Wort zum Tage
Liebe kennt keine Grenzen
21.01.2016 05:23

„Liebe kennt keine Grenzen.“ Mit diesem Satz lässt sich die Geschichte zusammenfassen, die die hebräische Bibel im Buch Ruth erzählt. Es handelt von Frauen, starken Frauen, die sich ihr Glück erkämpfen, auch wenn die Gesellschaft, in der sie leben, ihnen so viel Eigenmächtigkeit gar nicht zubilligt. Um anerkannt und wirtschaftlich abgesichert zu sein, ist die Frau in jener Zeit auf einen Mann angewiesen. Doch was ist, wenn der Mann und Ernährer stirbt? Um nicht betteln zu müssen, muss sie wieder heiraten oder besser gesagt: geheiratet werden. Aber als Ausländerin hat Noomi keine Chance, einen Mann zu finden. Die Ehegesetze verbieten es. Dereinst war sie mit ihrem Mann und den beiden Söhnen vor dem Hunger aus ihrer Heimat geflohen. Zehn Jahre lang haben sie gedacht, sie hätten eine Zukunft in dem fremden Land. Beide Söhne haben Frauen des Landes geheiratet. Alles schien gut. Bis der Tod gleich mehrmals einen Strich durch die Rechnung macht: Alle drei Männer der Familie, Noomis Mann und die beiden jung verheirateten Söhne, sterben. Jetzt ist es wieder die blanke Not, die Noomi dazu bringt, in die alte Heimat zurückzukehren – in der Hoffnung, dass ihre Verwandten für sie sorgen werden. Eine vage Hoffnung! Davon sind auch die Schwiegertöchter überzeugt. Sie wollen Noomi nicht alleine ziehen lassen. Doch Noomi ist überhaupt nicht wohl bei dem Gedanken, dass die jungen Frauen ihr zuliebe auf eine gesicherte Zukunft verzichten wollen. Es gelingt ihr, wenigstens Orpa, die eine der beiden Schwiegertöchter, davon zu überzeugen, in ihrer Heimat zu bleiben. Ruth hingegen besteht darauf, ihre Schwiegermutter zu begleiten.

 

Nationalität und Glaubensunterschiede halten Ruth nicht davon ab, ihrem Herzen zu folgen.

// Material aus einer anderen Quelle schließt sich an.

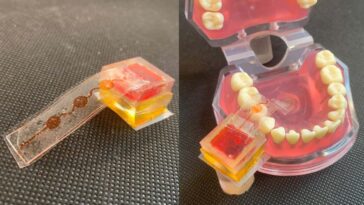 La langue électronique pourrait vous laisser goûter le gâteau dans la réalité virtuelle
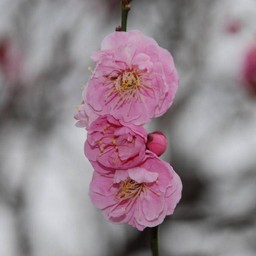 梅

Sie liebt ihre Schwiegermutter. Und Liebe überwindet Grenzen – manchmal auch die der Vernunft. Denn dass für sie als junge, attraktive Frau ohne männliche Begleitung die Zukunft in einem ihr fremden Land nicht einfach werden würde, muss Ruth eigentlich klar gewesen sein.

 

Aufsehen erregen die beiden Frauen allemal, als sie nach langer Wanderung endlich in Noomis Heimatstadt Bethlehem ankommen. „Die ganze Stadt gerät ihretwegen in Bewegung“, heißt es in der Bibel. Einige erinnern sich noch an Noomi, bevor sie das Land verließ. Was sie wohl getuschelt haben? Haben sie Verständnis dafür, dass sie seinerzeit mit ihrem Mann und den Kindern der Heimat den Rücken gekehrt hat? Und was denken sie über Ruth, die junge hübsche Ausländerin an ihrer Seite? Davon verrät die Bibel nichts. Ein schwerer Weg liegt bereits hinter beiden Flüchtlingsfrauen und ein ebenso schwerer vor ihnen. Alles wird davon abhängen, wie sehr sie sich selber darum bemühen, von den anderen akzeptiert zu werden und wieviel Verständnis und Menschlichkeit die einheimische Bevölkerung ihnen entgegenbringt. Integration, ein gutes Miteinander kann nur gelingen, wenn beide Seiten ihren Part dazu beitragen.